*Task item*. With the first line below as the start and the line containing "гимназии. смотреть онлайн" as the end, copy every line between them exactly, ends included.

*Given data*.
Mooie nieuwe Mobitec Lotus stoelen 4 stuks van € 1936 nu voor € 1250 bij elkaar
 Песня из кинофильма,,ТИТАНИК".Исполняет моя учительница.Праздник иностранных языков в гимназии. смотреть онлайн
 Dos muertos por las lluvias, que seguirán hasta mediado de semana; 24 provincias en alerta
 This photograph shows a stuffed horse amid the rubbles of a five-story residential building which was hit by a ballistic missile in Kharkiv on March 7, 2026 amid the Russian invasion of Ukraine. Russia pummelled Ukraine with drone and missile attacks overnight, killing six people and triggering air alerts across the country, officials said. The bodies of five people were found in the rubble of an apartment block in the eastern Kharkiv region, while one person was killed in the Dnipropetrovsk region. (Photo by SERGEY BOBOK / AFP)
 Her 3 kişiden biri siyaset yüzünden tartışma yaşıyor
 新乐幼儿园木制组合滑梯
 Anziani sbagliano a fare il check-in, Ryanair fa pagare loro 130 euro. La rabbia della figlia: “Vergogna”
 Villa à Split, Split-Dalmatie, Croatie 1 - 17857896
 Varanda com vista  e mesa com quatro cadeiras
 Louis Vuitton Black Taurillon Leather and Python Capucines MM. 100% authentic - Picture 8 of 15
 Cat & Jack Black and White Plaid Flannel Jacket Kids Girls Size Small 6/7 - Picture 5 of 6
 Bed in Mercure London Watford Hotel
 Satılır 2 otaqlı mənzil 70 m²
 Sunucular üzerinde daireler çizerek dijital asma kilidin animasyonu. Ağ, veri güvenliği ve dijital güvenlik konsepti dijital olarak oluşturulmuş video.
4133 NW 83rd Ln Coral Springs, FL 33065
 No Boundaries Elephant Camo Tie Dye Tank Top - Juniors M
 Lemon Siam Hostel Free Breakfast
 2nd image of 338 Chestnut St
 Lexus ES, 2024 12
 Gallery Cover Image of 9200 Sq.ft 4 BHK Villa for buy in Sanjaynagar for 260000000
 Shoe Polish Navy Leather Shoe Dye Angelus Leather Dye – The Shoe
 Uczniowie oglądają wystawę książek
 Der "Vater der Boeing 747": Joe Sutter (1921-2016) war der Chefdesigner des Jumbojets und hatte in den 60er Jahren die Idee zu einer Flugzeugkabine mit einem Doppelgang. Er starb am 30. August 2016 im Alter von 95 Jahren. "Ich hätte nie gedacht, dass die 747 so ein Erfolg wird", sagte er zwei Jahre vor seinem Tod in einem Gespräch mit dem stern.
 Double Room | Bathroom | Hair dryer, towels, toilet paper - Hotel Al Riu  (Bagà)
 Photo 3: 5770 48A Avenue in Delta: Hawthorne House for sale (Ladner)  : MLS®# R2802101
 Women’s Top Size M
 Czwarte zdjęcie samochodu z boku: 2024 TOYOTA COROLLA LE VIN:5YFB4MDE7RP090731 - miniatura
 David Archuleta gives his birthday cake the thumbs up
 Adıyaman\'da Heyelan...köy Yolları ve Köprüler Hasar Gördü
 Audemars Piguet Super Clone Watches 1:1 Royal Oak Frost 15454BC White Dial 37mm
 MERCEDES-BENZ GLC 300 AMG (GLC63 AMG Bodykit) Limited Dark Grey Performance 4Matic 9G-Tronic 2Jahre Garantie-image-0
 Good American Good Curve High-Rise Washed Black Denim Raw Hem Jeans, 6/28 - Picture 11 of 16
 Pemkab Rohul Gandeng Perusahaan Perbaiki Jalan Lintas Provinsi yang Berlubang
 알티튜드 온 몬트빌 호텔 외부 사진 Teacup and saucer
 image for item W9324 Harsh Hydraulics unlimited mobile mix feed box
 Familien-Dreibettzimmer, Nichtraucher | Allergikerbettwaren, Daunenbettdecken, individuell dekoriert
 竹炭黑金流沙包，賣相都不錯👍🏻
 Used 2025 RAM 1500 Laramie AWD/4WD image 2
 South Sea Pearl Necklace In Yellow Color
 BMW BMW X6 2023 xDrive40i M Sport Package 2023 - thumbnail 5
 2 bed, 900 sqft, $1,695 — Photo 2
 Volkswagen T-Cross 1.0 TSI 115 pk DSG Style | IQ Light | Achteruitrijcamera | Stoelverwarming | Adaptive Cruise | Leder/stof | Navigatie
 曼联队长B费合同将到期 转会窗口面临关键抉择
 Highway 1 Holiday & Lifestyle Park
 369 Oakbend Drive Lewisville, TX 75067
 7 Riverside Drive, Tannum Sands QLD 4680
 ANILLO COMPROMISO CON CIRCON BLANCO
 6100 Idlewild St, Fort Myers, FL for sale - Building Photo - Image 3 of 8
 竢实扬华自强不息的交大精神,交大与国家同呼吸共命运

*Reply*.
Mooie nieuwe Mobitec Lotus stoelen 4 stuks van € 1936 nu voor € 1250 bij elkaar
 Песня из кинофильма,,ТИТАНИК".Исполняет моя учительница.Праздник иностранных языков в гимназии. смотреть онлайн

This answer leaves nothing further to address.